Yolich finds discussions about Uptown and its future to be more than perfunctory lessons in civics. Yolich has deep roots in the community. He and two other colleagues on the design team that created Uplift grew up here and attended public schools. They bought pizza by the slice at the same haunts where their students do now, and dribbled basketballs on the same streets.
Uplift opened its doors in September, but its story is more than a tale of a new school. It’s about grassroots might in a neighborhood where there’s a shift in the housing and bank accounts of those moving in. It’s about political struggle in an area with a reputation as a bastion for working-class families; protection and support for those who are down, for a minute, but not out; and assistance for those who are new to the city and the country. And from an educational standpoint, it’s about pushing the limits of Chicago Public Schools’ most ambitious reform effort.
Eventually, Uplift will replace Arai Middle School, one of 70 schools that will be closed or phased out citywide to make way for 100 new schools. The initiative has been contentious throughout the city, and Uptown is no exception.
School of ‘last resort’
Even before Uplift’s design team had submitted a proposal to open a school there, Arai had begun the process of phasing out, beginning in 2004 when it was directed to stop accepting 6th-graders. That decision, along with declining enrollment and another directive to expand four K-5 feeder elementary schools through 8th grade, fueled speculation that Arai’s days were numbered.

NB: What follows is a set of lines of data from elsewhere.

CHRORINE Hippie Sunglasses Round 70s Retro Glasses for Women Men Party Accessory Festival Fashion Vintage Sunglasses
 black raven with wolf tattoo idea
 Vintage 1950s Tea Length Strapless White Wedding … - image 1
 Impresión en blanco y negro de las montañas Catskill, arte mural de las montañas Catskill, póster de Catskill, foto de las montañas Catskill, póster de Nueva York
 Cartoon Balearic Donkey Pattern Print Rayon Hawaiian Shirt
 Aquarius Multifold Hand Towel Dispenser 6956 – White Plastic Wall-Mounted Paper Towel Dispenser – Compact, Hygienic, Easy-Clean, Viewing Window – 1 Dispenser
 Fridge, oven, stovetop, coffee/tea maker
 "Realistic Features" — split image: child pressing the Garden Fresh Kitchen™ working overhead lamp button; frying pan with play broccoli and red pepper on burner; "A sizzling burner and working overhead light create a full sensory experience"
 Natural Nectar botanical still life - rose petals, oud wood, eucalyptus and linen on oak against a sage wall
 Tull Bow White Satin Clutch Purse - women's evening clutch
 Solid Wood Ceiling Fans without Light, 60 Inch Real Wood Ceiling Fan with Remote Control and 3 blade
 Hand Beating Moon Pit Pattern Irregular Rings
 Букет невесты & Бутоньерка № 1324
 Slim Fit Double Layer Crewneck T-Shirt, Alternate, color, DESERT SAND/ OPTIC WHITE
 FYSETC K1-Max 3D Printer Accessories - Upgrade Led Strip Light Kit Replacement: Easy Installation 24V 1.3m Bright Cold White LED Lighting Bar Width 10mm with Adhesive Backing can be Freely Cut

“There was a perception in the community—and it was just a perception—that the building was unsafe; that it was a last resort school,” says David Pickens, a deputy to Schools Chief Arne Duncan. “A lot of kids from the feeder schools were not accepting Arai as an option, so we were losing a lot of those kids either out of the system or to other neighborhoods,” adds Pickens, who previously spent a year as an assistant principal at Arai.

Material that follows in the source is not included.